§ **BRIEF**
Pictures should be left out while the data beneath this task is written out word for word.

§ **STORED DATA**
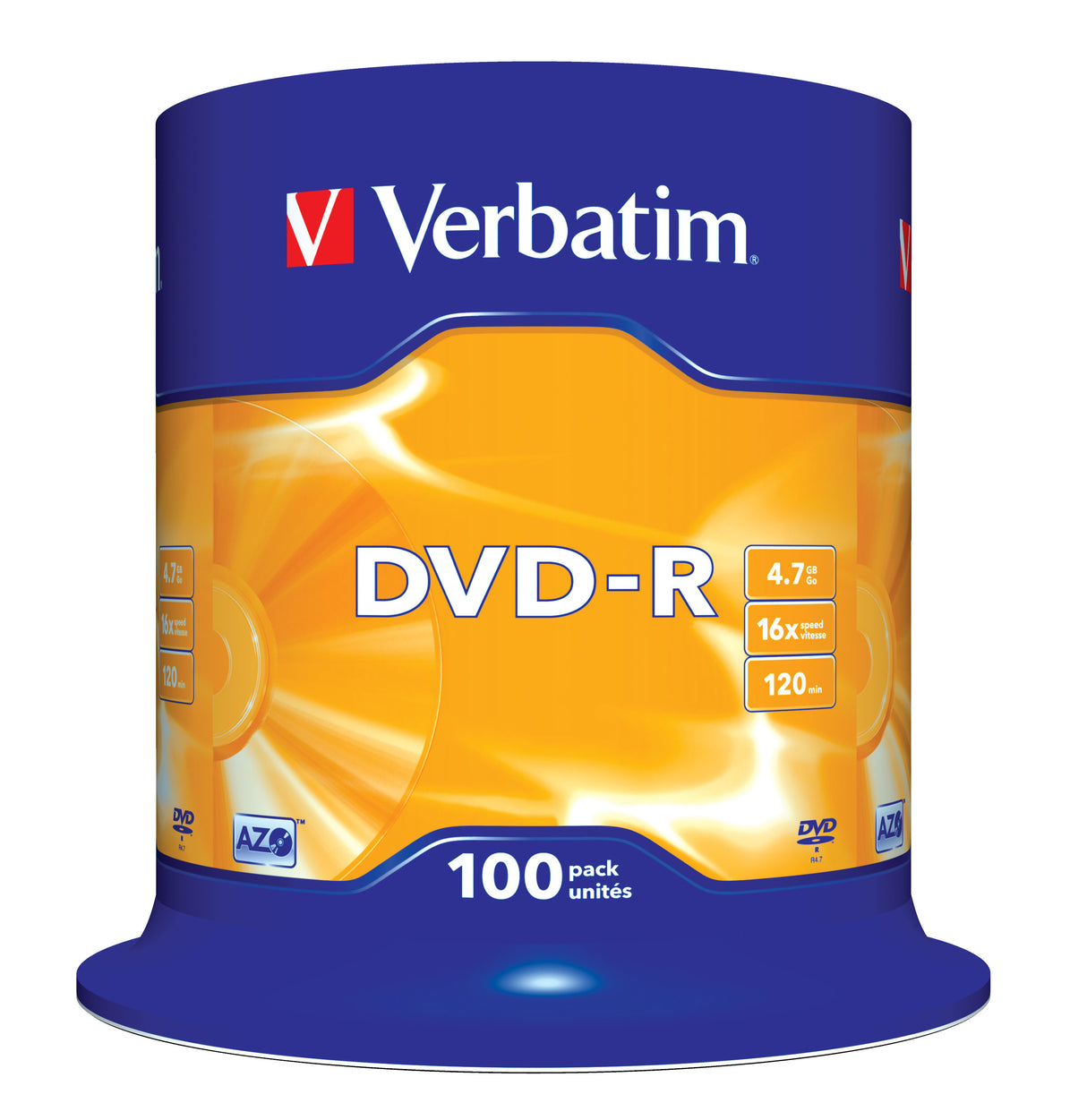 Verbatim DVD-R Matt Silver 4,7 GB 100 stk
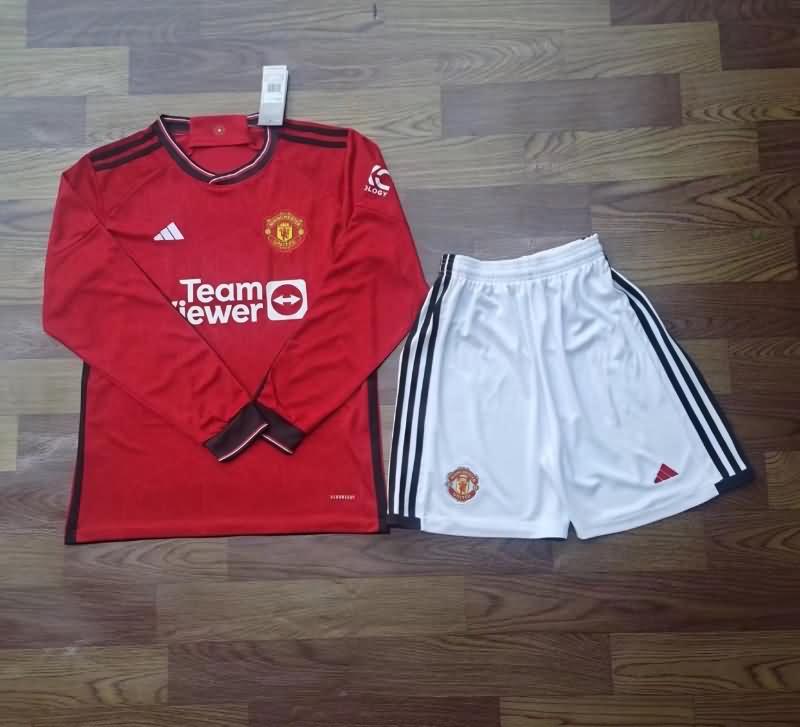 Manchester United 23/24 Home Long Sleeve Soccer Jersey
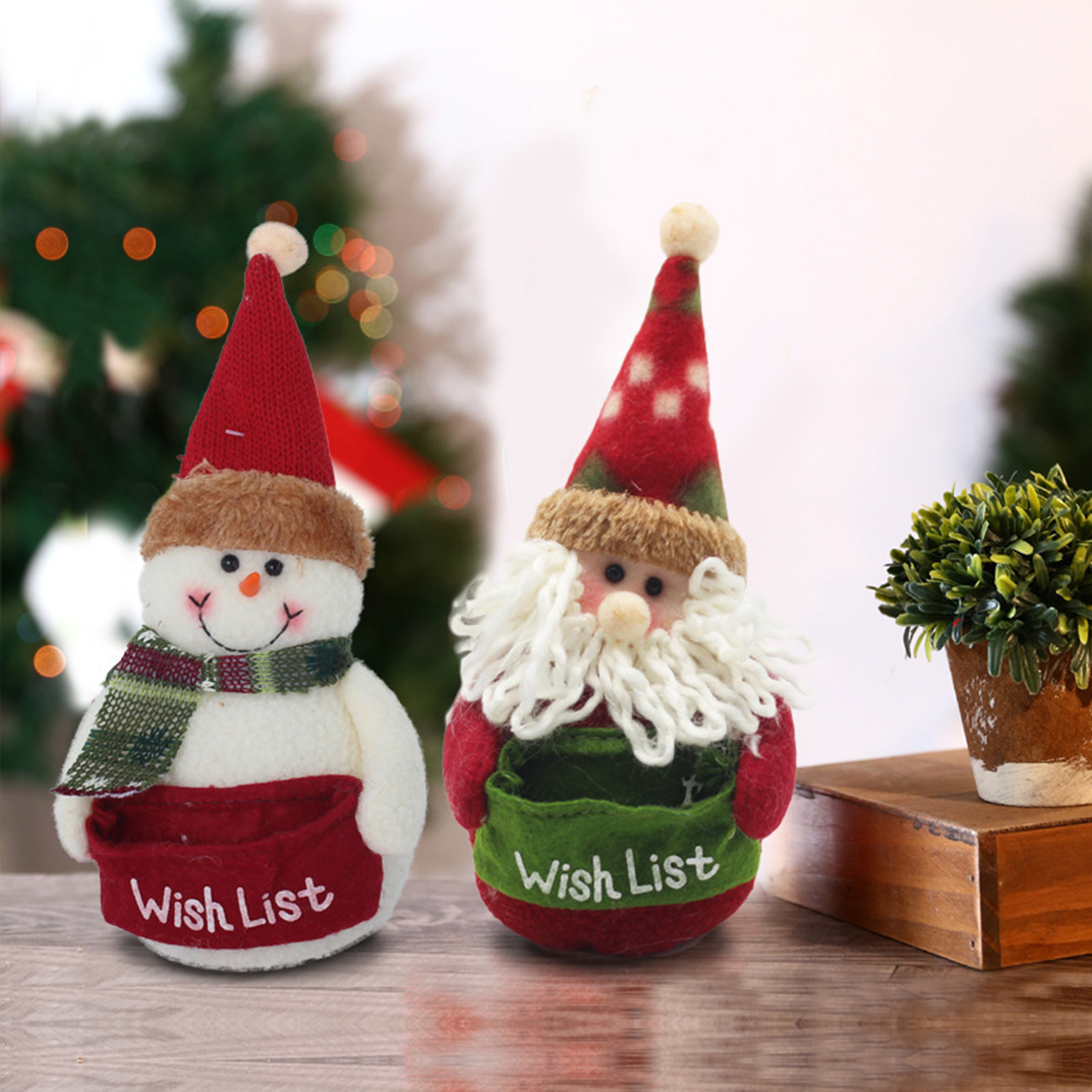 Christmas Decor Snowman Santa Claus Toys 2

§ **OUTPUT**
 Verbatim DVD-R Matt Silver 4,7 GB 100 stk
 Manchester United 23/24 Home Long Sleeve Soccer Jersey
 Christmas Decor Snowman Santa Claus Toys 2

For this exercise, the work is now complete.